▶ _PROMPT_
Repeat precisely the span of lines below that opens with the line containing "XXX Flytande fontäner, tjock, hamster" and closes with the line containing "Similan15Feb 13.jpg", both included.

▶ _RECORDS FOR PROCESSING_

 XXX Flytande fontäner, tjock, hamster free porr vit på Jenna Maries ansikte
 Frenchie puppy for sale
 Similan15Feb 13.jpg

...

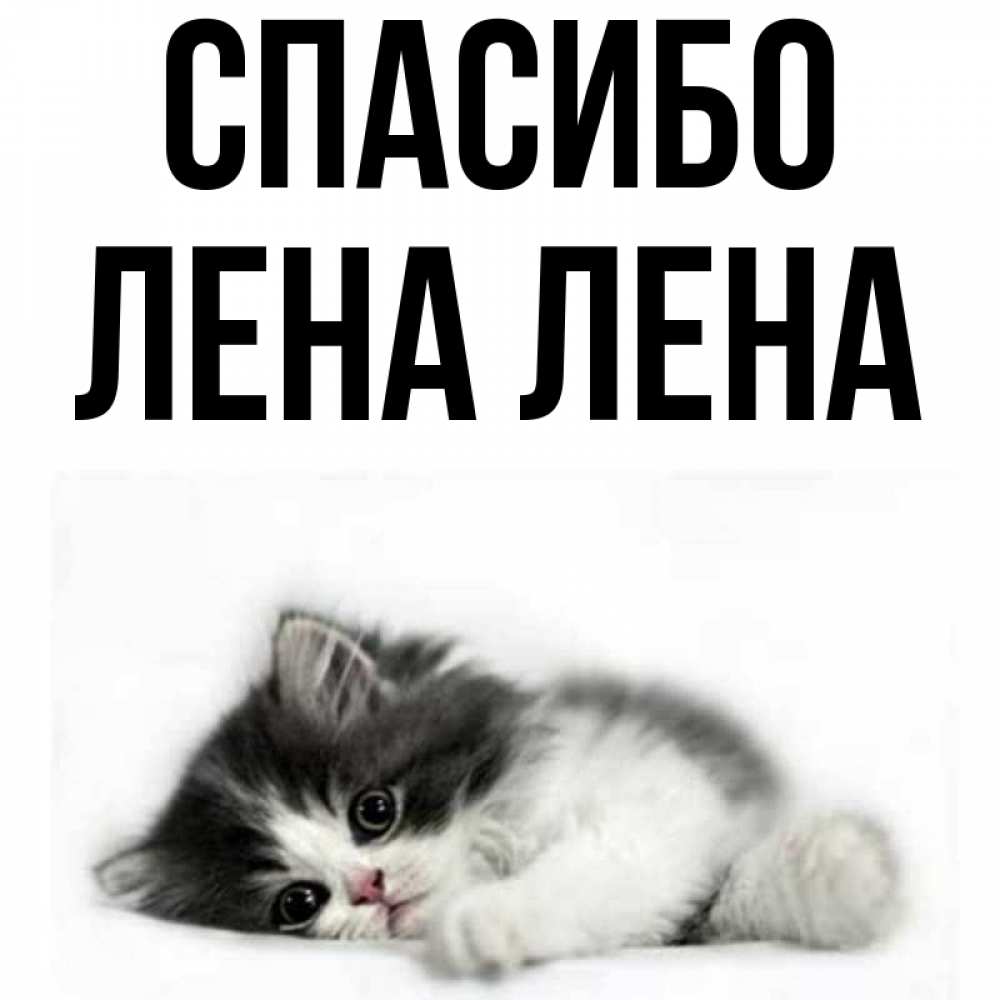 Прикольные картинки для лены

▶ _YOUR RESPONSE_
 XXX Flytande fontäner, tjock, hamster free porr vit på Jenna Maries ansikte
 Frenchie puppy for sale
 Similan15Feb 13.jpg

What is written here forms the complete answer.